## WORK TO BE COMPLETED
Please return exactly the lines from the top of the data through the line that contains "Multi-parameter is just", and skip all pictures.

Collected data
__________________________________________________

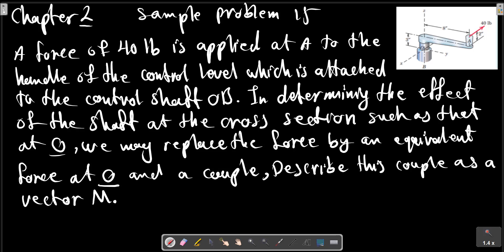Chapter 2, Sample Problem 15. A force of 40 points is applied at A, as shown in the picture, to the handle of the control lever which is attached to the control shaft OB. In determining the effect of the shaft at the cross section at O, we may replace the force by an equivalent force at O and a couple. Describe this couple as a vector M.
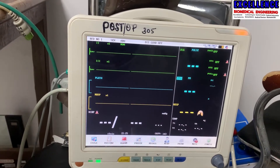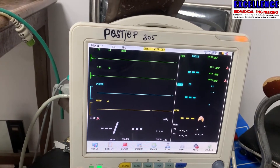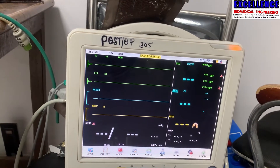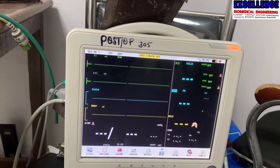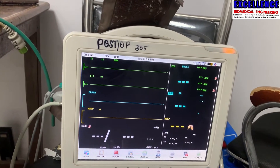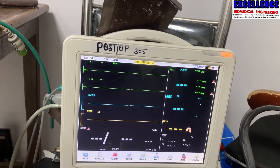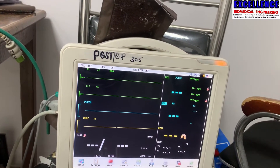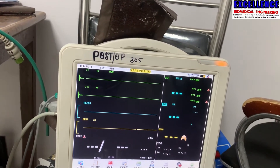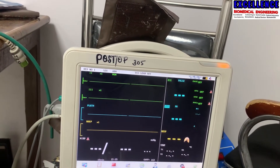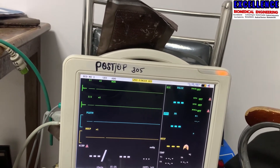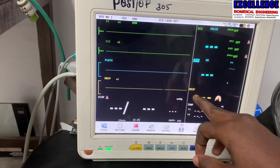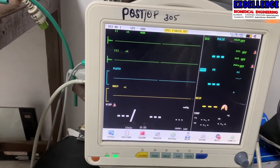Multi-parameter is just an abbreviation of multi-parameters. The parameters that doctors need to monitor constantly are the vital signs — like SpO2, which is oxygen saturation, respiratory rate, ECG, and blood pressure. Any monitor that measures more than one parameter is called a multi-parameter monitor. As you can see, this monitor measures ECG, SpO2, respiratory rate, temperature, and non-invasive blood pressure.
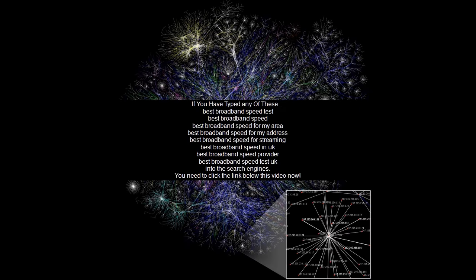If you have typed any of these: best broadband speed test, best broadband speed, best broadband speed for my area, best broadband speed for my address, best broadband speed for streaming, best broadband speed in UK, best broadband speed provider, best broadband speed test UK into the search engines, you need to click the link below this video now.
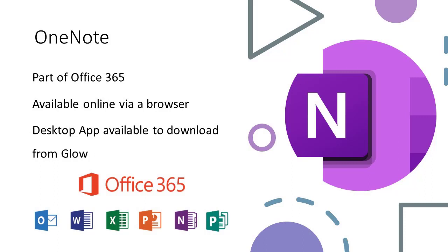Microsoft OneNote is accessible via a browser, and we also have the ability to download the desktop application via our Glow launchpad. The desktop application does have additional functionality.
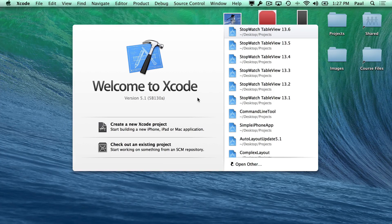Hi, this is Paul Solt from iPhone Dev TV. I want to do a tutorial on how to create a login screen, and it's going to be over a series of videos. So the first one, we are going to create some custom buttons using Xcode, the Interface Builder, and then some images that I've created in Photoshop. So let's get started.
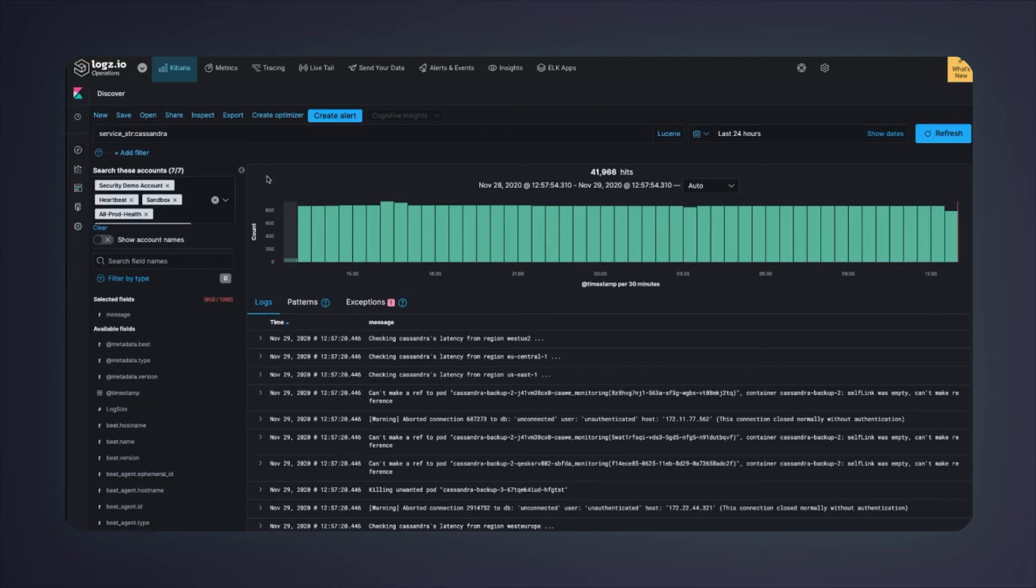Unfortunately, we have nearly 42,000 log hits for this context. That's way too many logs, which makes it hard to understand what the issue is.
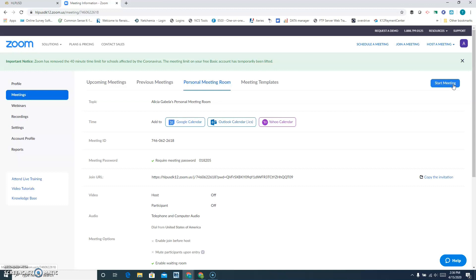Or you could go there a little bit earlier, which is what we suggest, so that you can see the kids starting to come in and you can admit them into your meeting.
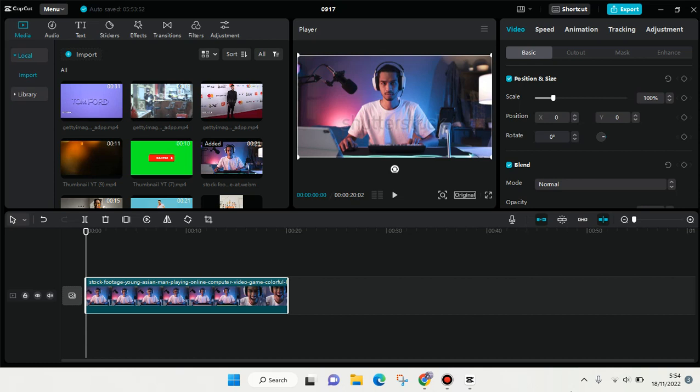Hi everyone, welcome back to the channel. On today's video I'm going to show you how to add a glow eye effect in CapCut for PC. Here I've already imported a video to my CapCut PC.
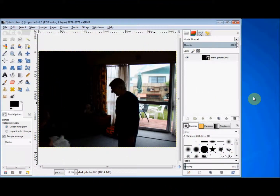Here I'm going to show you how you can quickly lighten a dark photo or brighten up a faded or light photo. This is another simple single layer project that's ideal for GIMP beginners.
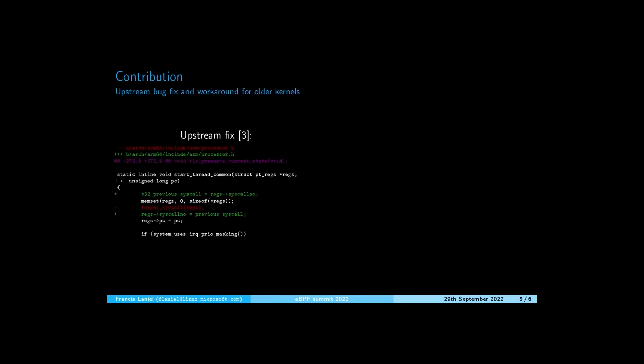The upstream fix mainly consists of not forgetting the syscall number and remembering it after resetting all the registers to zero as a new thread is about to start. For non-upstream kernels,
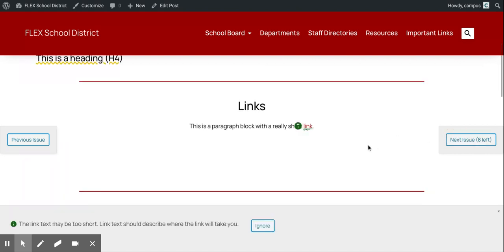I have an example link here that is just really short — just one word. So this checker pulls that up and suggests that you really need to check to make sure that the link text fully describes where that link takes you.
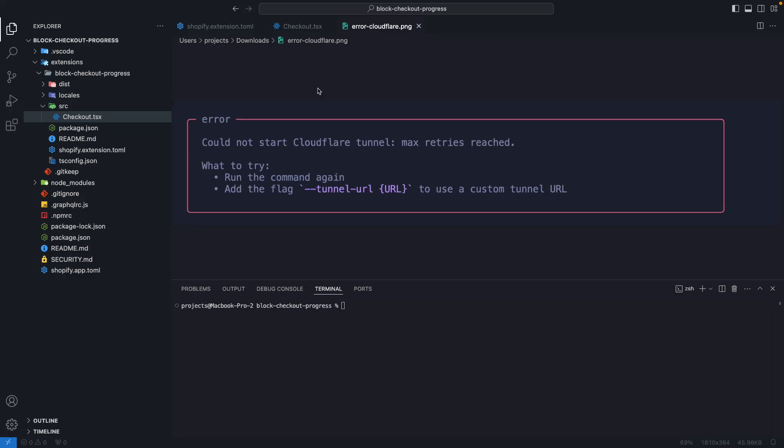In case you are asking what Cloudflare has to do with Shopify app development, the quick answer is that to connect your server running your app locally to your Shopify store or Shopify server, there needs to be an HTTP tunnel in the middle and Shopify CLI usually takes care of setting that up for us by using Cloudflare tunnels. But when Cloudflare is having issues we have the option to pass the tunnel URL flag and provide a tunnel URL ourselves.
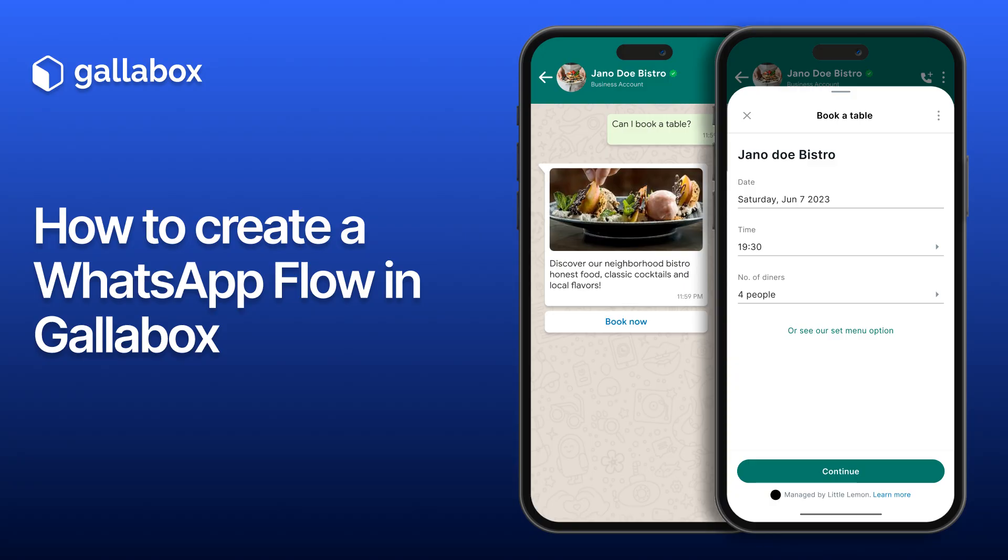With Flows, you can build interactive forms, surveys, and even entire mini-applications right within WhatsApp. Imagine collecting customer feedback, processing orders, or running quizzes, all without your customers ever leaving the chat.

__________________________________________________

## REPLY
Chapter 2, Sample Problem 15. A force of 40 points is applied at A, as shown in the picture, to the handle of the control lever which is attached to the control shaft OB. In determining the effect of the shaft at the cross section at O, we may replace the force by an equivalent force at O and a couple. Describe this couple as a vector M.
Multi-parameter is just an abbreviation of multi-parameters. The parameters that doctors need to monitor constantly are the vital signs — like SpO2, which is oxygen saturation, respiratory rate, ECG, and blood pressure. Any monitor that measures more than one parameter is called a multi-parameter monitor. As you can see, this monitor measures ECG, SpO2, respiratory rate, temperature, and non-invasive blood pressure.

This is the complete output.